Symptoms of vitamin D deficiency in growing children include rickets (long, soft bowed legs) and flattening of the back of the skull. Vitamin D deficiency in adults may result in osteomalacia (muscle and bone weakness), and osteoporosis (loss of bone mass).

Vitamin D toxicity

The Tolerable Upper Intake Level (UL) for vitamin D is set at 100 mcg for people 9 years of age and older. High doses of vitamin D supplements coupled with large amounts of fortified foods may cause accumulations in the liver and produce signs of poisoning.

VITAMIN E: TOCOPHEROL

Vitamin E benefits the body by acting as an antioxidant, and protecting vitamins A and C, red blood cells, and essential fatty acids from destruction.
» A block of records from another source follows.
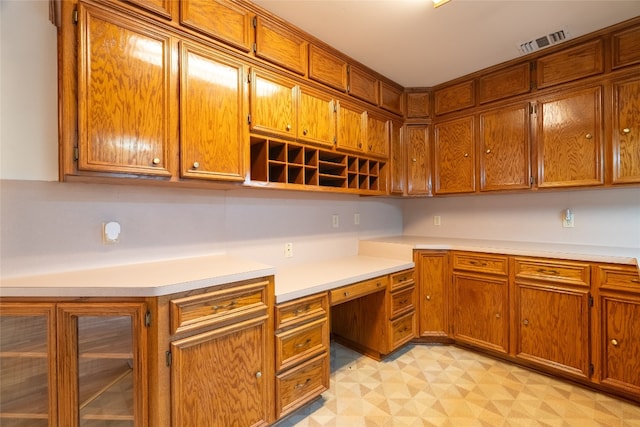 kitchen with built in desk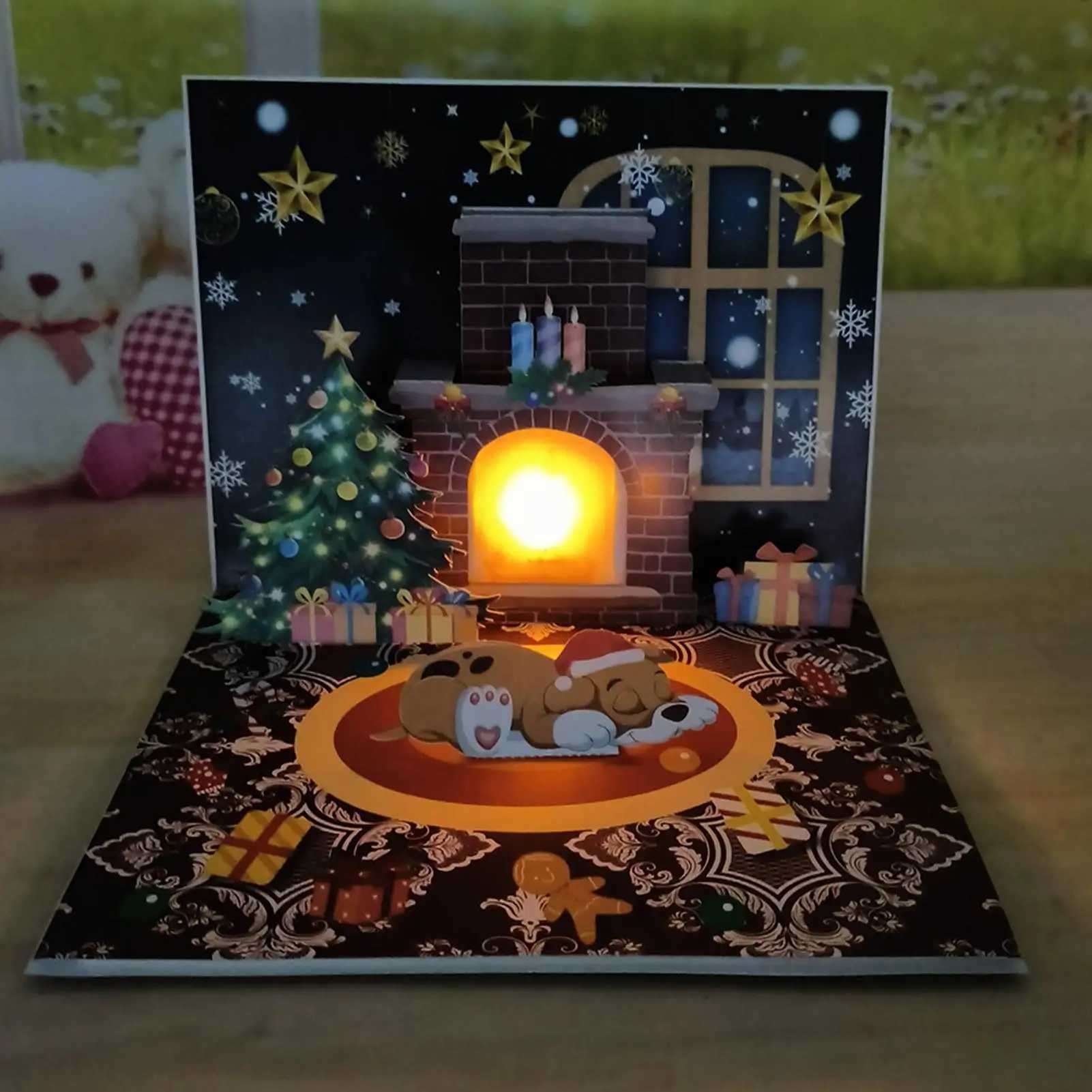 Christmas PopUp Cards Musical Greeting Cards with Light Santa Projection 3D Blessing Cards Christmas Gift for Family Friends G251119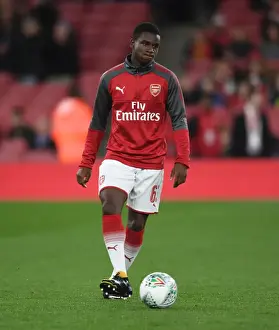 Arsenal V Norwich - Carabo Cup 4th Round 2017-18 Prints: Jordi Osei-Tutu Warming Up: Arsenal vs Norwich City, Carabao Cup Fourth Round, 2017-18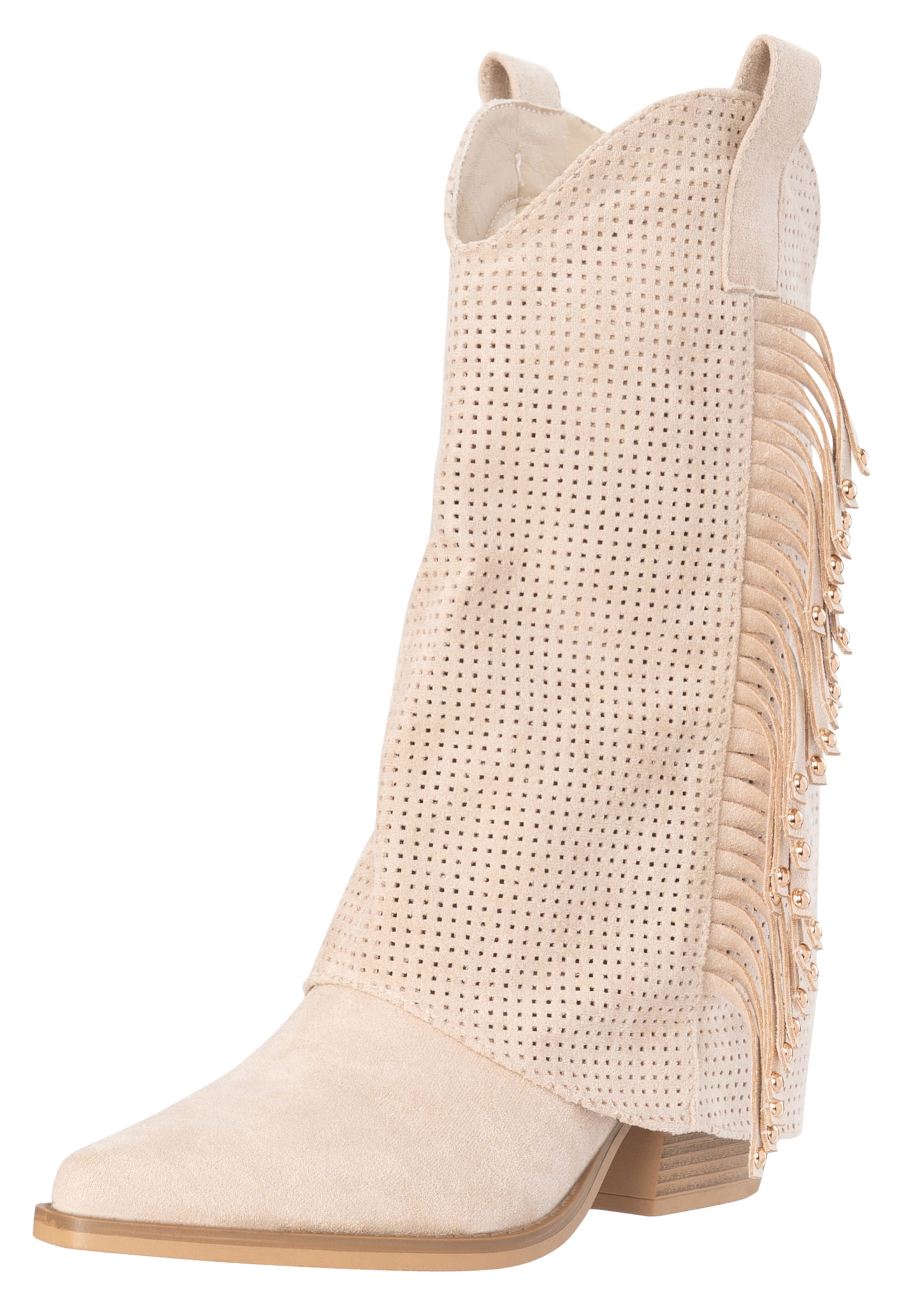 Bottes de cowboy Salinyang en beige : devant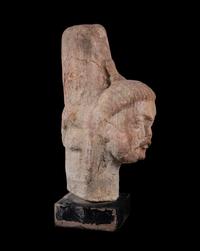 An Indian Carved Stone Head of Buddha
RDA  One milligram of alpha-tocopherol equals to 1.5 International Units (IU). RDA guidelines state that males and females over the age of 14 should receive 15 mcg of alpha-tocopherol per day.

Vitamin E Deficiency Vitamin E deficiency is rare. Cases of vitamin E deficiency usually only occur in premature infants and in those unable to absorb fats.

VITAMIN K

Vitamin K is naturally produced by the bacteria in the intestines, and plays an essential role in normal blood clotting, promoting bone health, and helping to produce proteins for blood, bones, and kidneys.

RDA

Males and females age 14 - 18: 75 mcg/day; Males and females age 19 and older: 90 mcg/day

Vitamin K Deficiency

Hemorrhage can occur due to sufficient amounts of vitamin K.

Vitamin K deficiency may appear in infants or in people who take anticoagulants, such as Coumadin (warfarin), or antibiotic drugs.

Newborn babies lack the intestinal bacteria to produce vitamin K and need a supplement for the first week.